Marsha, I know nothing about leather bits, but it doesn't seem to me that such would last long. I have one, a simple mullen mouth, but don't recall where I got it...maybe from some friends who got out of showing minis years ago. I expect you should be able to find them in any serious supplier's catalog; call them up and ask; some may not regularly keep them in stock because most mini horse drivers are unaware of them and their proper use. I never used the one I have, because I didn't use an overcheck...hate the things...only used side checks in the show ring after I got a bit wiser(did use an overcheck way back early on, only on the first horse I trained and showed(to AMHA Champion, btw) in Roadster. I can't think of a genuine *reason* to use an overcheck, unless you breed show and are 'required' to. I used a side check in the breed show ring because it was required; otherwise, only lightly so they would 'self-correct' if trying to snatch a bite of grass. It actually is NOT correct to attach an overcheck to the regular bit; it sends confusing signals, at the very least. That said, if planning to seriously breed show, and properly use a check bit, give the horse PLENTY of time to acclimate to the use and application of the bit.Too often, so-called 'training' of driving minis is rushed and quite incomplete, with the horse 'forced' into a false frame using 'headsets', side reins, then using overchecks and running martingale. Horses end up breaking at the crest, over bent, leaning on the bit (sometimes actually 'pulling' their load with their mouth)with a dropped back and trailing behind....not in a true collected frame, seeking contact with the bit....factors which cannot be RUSHED.


----------



## Strangeaddiction (Oct 21, 2016)

I use a leather overcheck bit (along with most of the people at the barn). They seem to really like the leather vs another metal bit in their mouth. An overcheck vs a side-check work very differently so saying you can use either on any horse I dont believe is true, some horses do better with one vs the other and they do have a time and place. I dont train my horses to rely on them and train with them unhooked most of the time but it is a tool to help us with our driving horses. Since we are not on our back and cannot use our seat and legs (at least that is how I think of it). I don't understand why people are against them, unless they are using them to set their horses head and not actually train them to collect and give to the bit and have impulsion..... If you do go with leather, I get mine from Ozark, I dont like just the rolled piece of leather, I like the one Ozark makes (if they still have it) it is sewn and the leather is shaped to be round and soft.


----------



## Marsha Cassada (Oct 21, 2016)

I have seen that overcheck bit in Ozark and pondered purchasing. I would need someone to help me adjust it; no one I know personally has been on the same planet with an overcheck bit. I've only seen it used once at a show.

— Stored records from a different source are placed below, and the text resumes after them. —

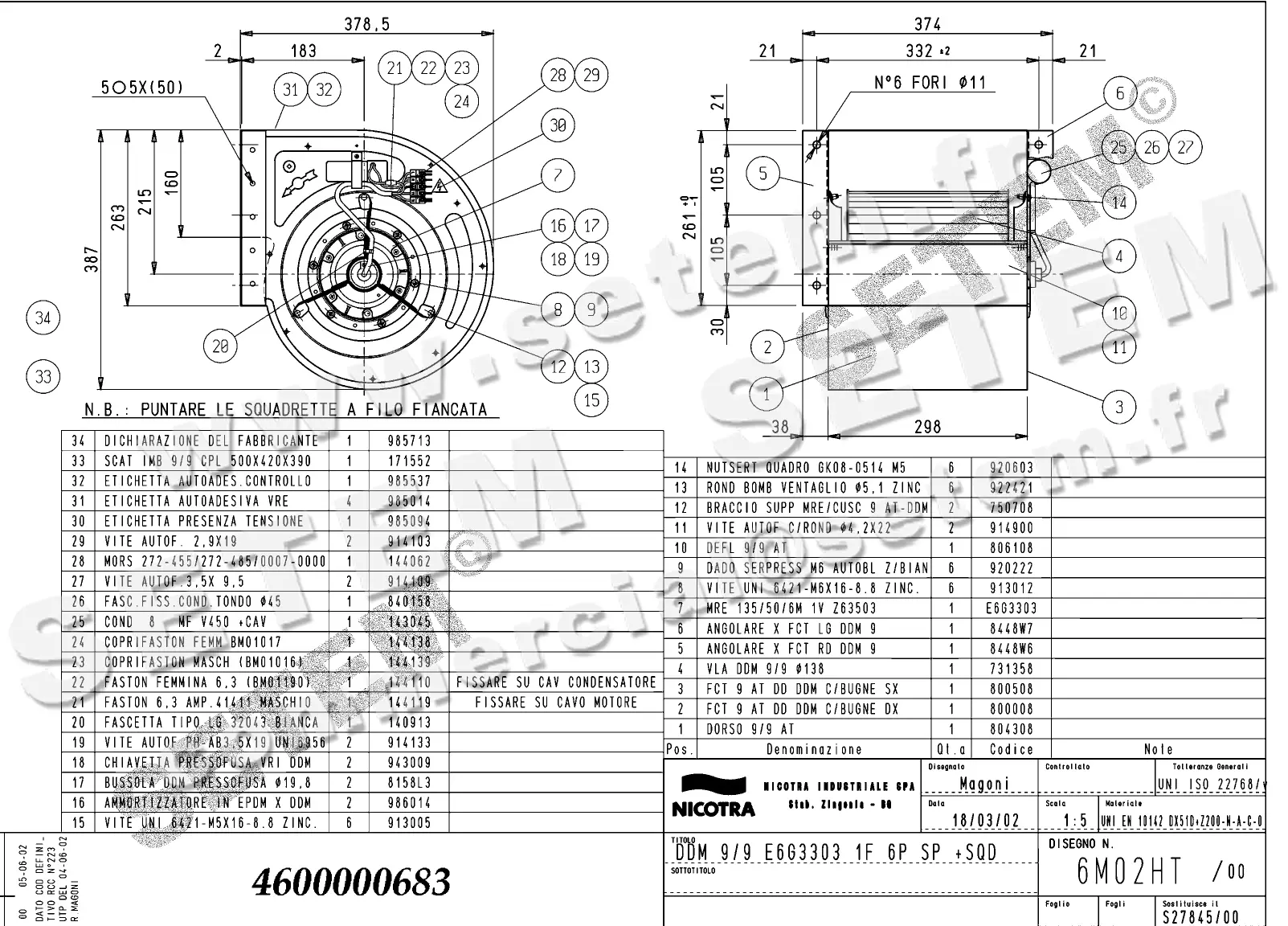 4624500683-VENTILATEUR NICOTRA DDM9/9 200W 6P M230V 1V E6G3303 SP +SQD *6M02HT*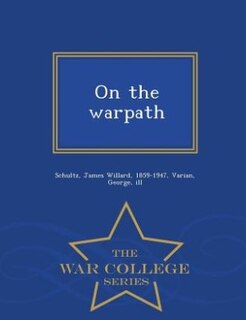 Couverture_On the warpath - War College Series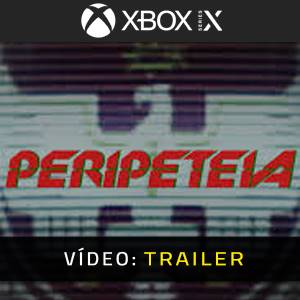 Peripeteia Xbox Series - Trailer de Vídeo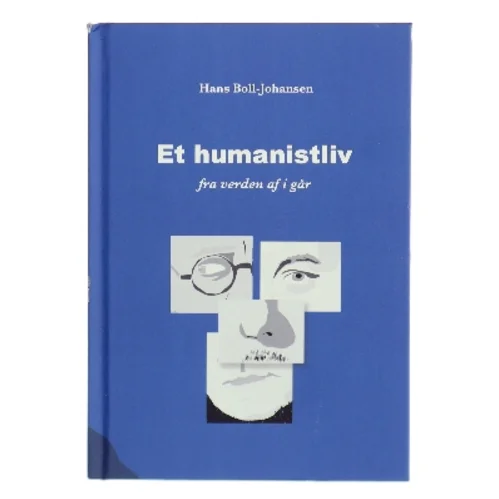 Et humanistliv af Hans Boll-Johansen (Bog)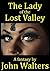 The Lady of the Lost Valley...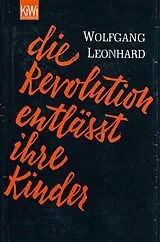 Kartonierter Einband Die Revolution entlässt ihre Kinder von Wolfgang Leonhard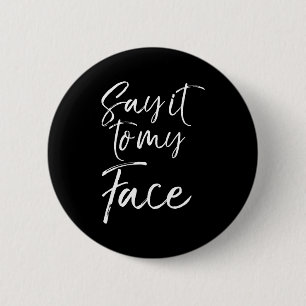 Mens Election Shirt Quote For Women Gift Cute Say 2 Inch Round Button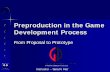 Preproduction in the Game Development · PDF filePreproduction At this point, you already have an approved game proposal outlining your game. Preproduction is gearing up time to eventually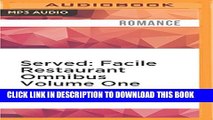 [PDF] Served: Facile Restaurant Omnibus Volume One (Facile Restaurant Short Stories) Full Online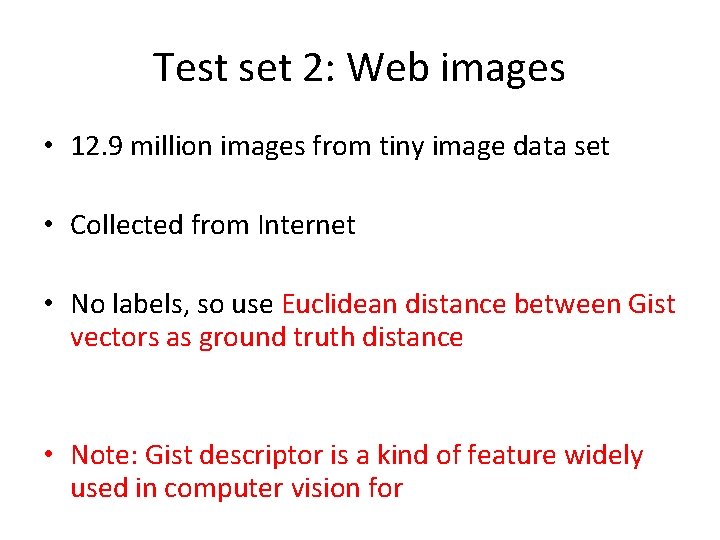 Test set 2: Web images • 12. 9 million images from tiny image data Test set 2: Web images • 12. 9 million images from tiny image data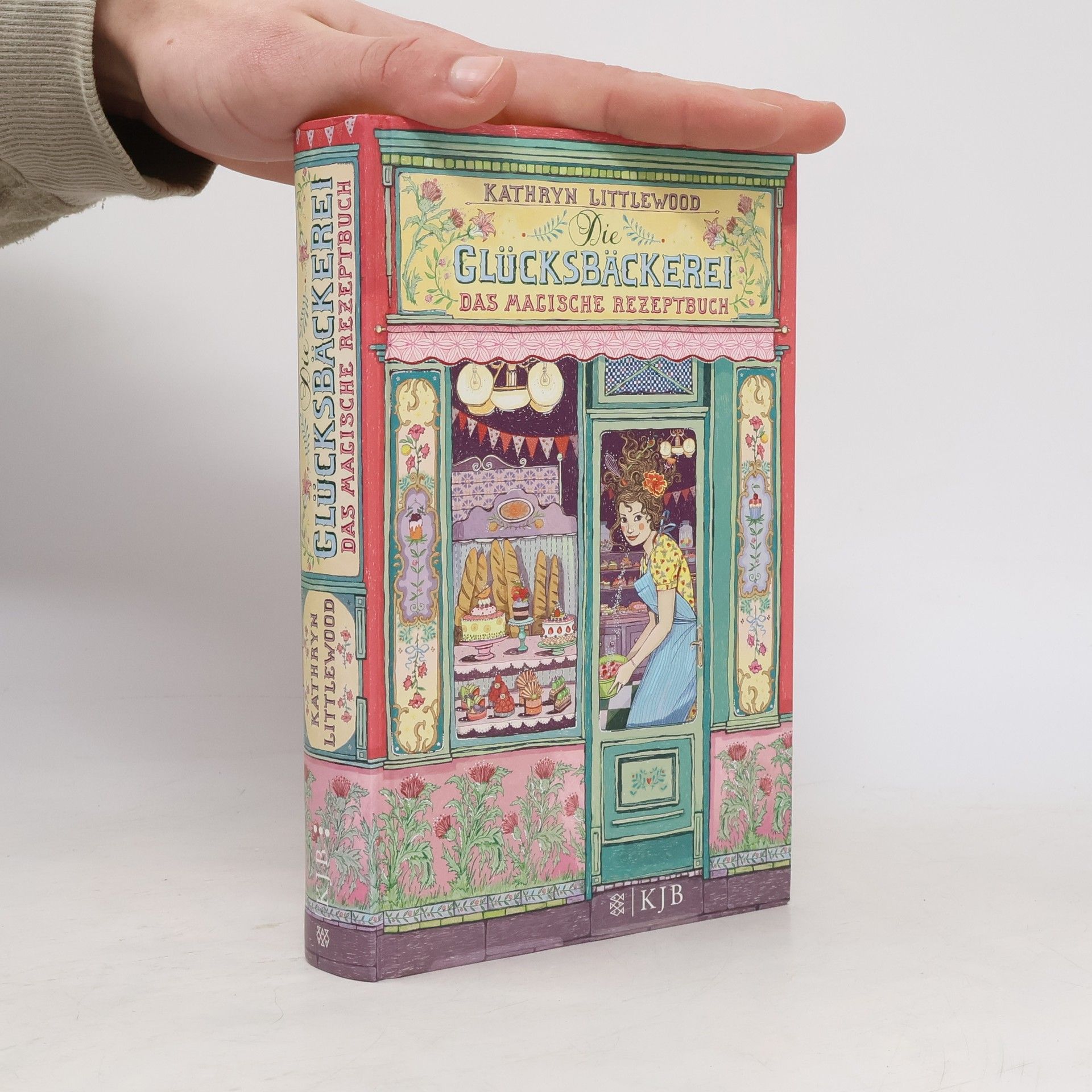 Kathryn Littlewood Die Glücksbäckerei: Das magische Rezeptbuch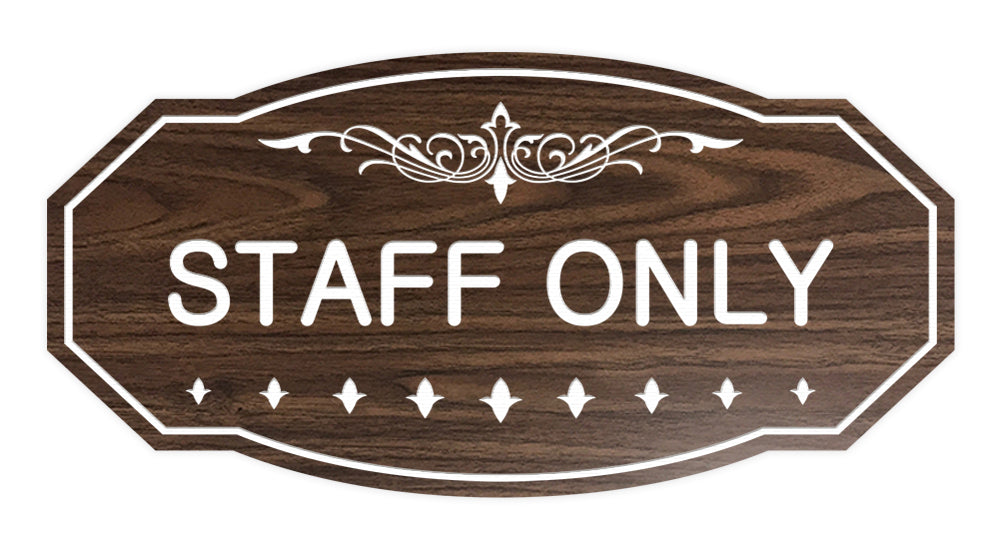 Victorian Staff Only Sign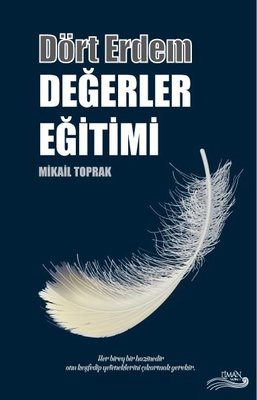 Dört Erdem Değerler Eğitimi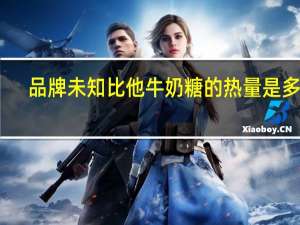 品牌未知 比他牛奶糖的热量是多少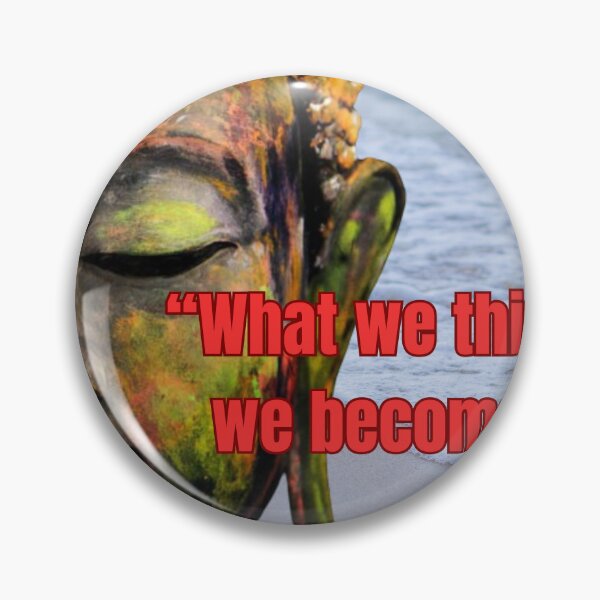 Item preview, "Empower Your Mind: 'What We Think, We Become' Inspirational Quote" designed and sold by Mrpalaad.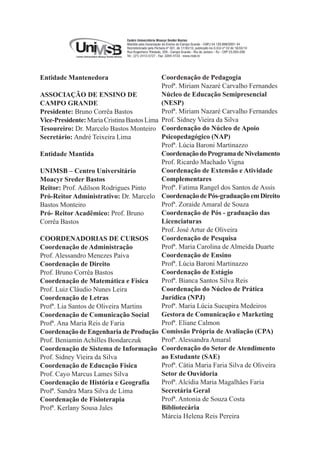 3
Entidade Mantenedora
ASSOCIAÇÃO DE ENSINO DE
CAMPO GRANDE
Presidente: Bruno Corrêa Bastos
Vice-Presidente:MariaCristinaBastosLima
Tesoureiro: Dr. Marcelo Bastos Monteiro
Secretário: André Teixeira Lima
Entidade Mantida
UNIMSB – Centro Universitário
Moacyr Sreder Bastos
Reitor: Prof. Adilson Rodrigues Pinto
Pró-Reitor Administrativo: Dr. Marcelo
Bastos Monteiro
Pró- Reitor Acadêmico: Prof. Bruno
Corrêa Bastos
COORDENADORIAS DE CURSOS
Coordenação de Administração
Prof. Alessandro Menezes Paiva
Coordenação de Direito
Prof. Bruno Corrêa Bastos
Coordenação de Matemática e Física
Prof. Luiz Cláudio Nunes Leira
Coordenação de Letras
Profª. Lia Santos de Oliveira Martins
Coordenação de Comunicação Social
Profª. Ana Maria Reis de Faria
Coordenação de Engenharia de Produção
Prof. Beniamin Achilles Bondarczuk
Coordenação de Sistema de Informação
Prof. Sidney Vieira da Silva
Coordenação de Educação Física
Prof. Cayo Marcus Lames Silva
Coordenação de História e Geografia
Profª. Sandra Mara Silva de Lima
Coordenação de Fisioterapia
Profª. Kerlany Sousa Jales
Coordenação de Pedagogia
Profª. Miriam Nazaré Carvalho Fernandes
Núcleo de Educação Semipresencial
(NESP)
Profª. Miriam Nazaré Carvalho Fernandes
Prof. Sidney Vieira da Silva
Coordenação do Núcleo de Apoio
Psicopedagógico (NAP)
Profª. Lúcia Baroni Martinazzo
CoordenaçãodoProgramadeNivelamento
Prof. Ricardo Machado Vigna
Coordenação de Extensão e Atividade
Complementares
Profª. Fatima Rangel dos Santos de Assis
CoordenaçãodePós-graduaçãoemDireito
Profª. Zoraide Amaral de Souza
Coordenação de Pós - graduação das
Licenciaturas
Prof. José Artur de Oliveira
Coordenação de Pesquisa
Profª. Maria Carolina de Almeida Duarte
Coordenação de Ensino
Profª. Lúcia Baroni Martinazzo
Coordenação de Estágio
Profª. Bianca Santos Silva Reis
Coordenação do Núcleo de Prática
Jurídica (NPJ)
Profª. Maria Lúcia Sucupira Medeiros
Gestora de Comunicação e Marketing
Profª. Eliane Calmon
Comissão Própria de Avaliação (CPA)
Profª. Alessandra Amaral
Coordenação do Setor de Atendimento
ao Estudante (SAE)
Profª. Cátia Maria Faria Silva de Oliveira
Setor de Ouvidoria
Profª. Alcídia Maria Magalhães Faria
Secretária Geral
Profª. Antonia de Souza Costa
Bibliotecária
Márcia Helena Reis Pereira
 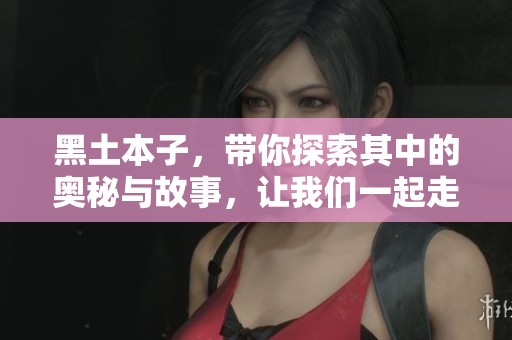 黑土本子，带你探索其中的奥秘与故事，让我们一起走进这片神秘的土地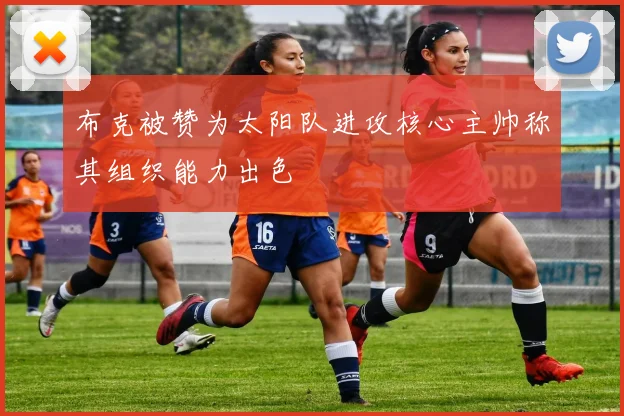 布克被赞为太阳队进攻核心主帅称其组织能力出色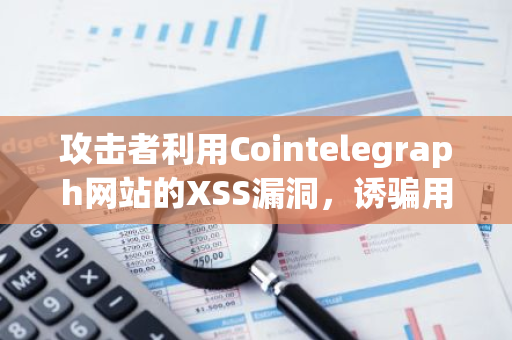 攻击者利用Cointelegraph网站的XSS漏洞，诱骗用户点击恶意链接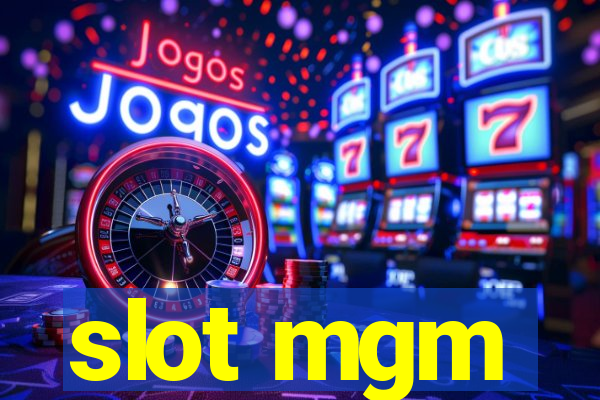 slot mgm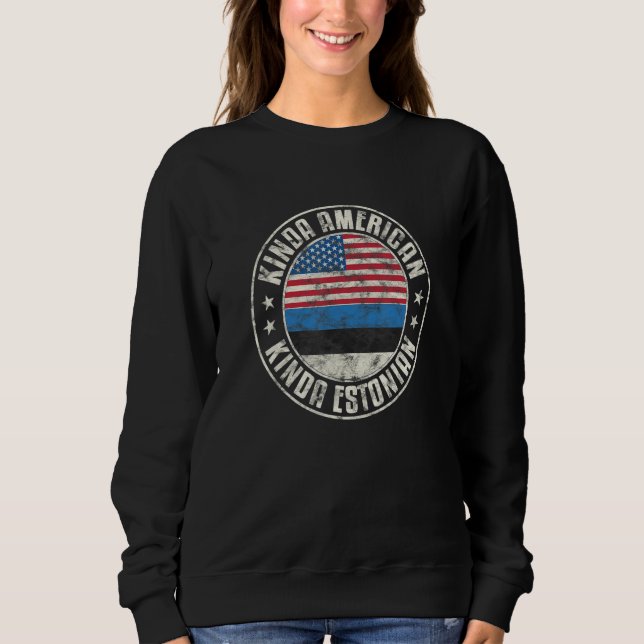 Sweatshirt Dual Citizenship American Estonian Estonia Usa Fla (Devant)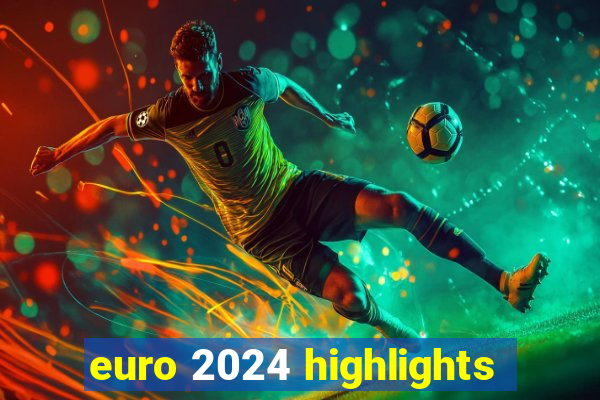 euro 2024 highlights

I wonder if it would help my resistant Rowdy? He does get overwhelmed and a little confused with too many signals. Perhaps only having the reins to signal would help him.


----------



## Minimor (Oct 30, 2016)

I only use sidechecks--when I use a check at all, which is rare--and none of my mini bridles came with the extra bit holders. (my big horse driving bridles--the side check ones-- had straps sewn in to attach a check bit to) So--when I use a sidecheck it has to be attached to the driving bit.


----------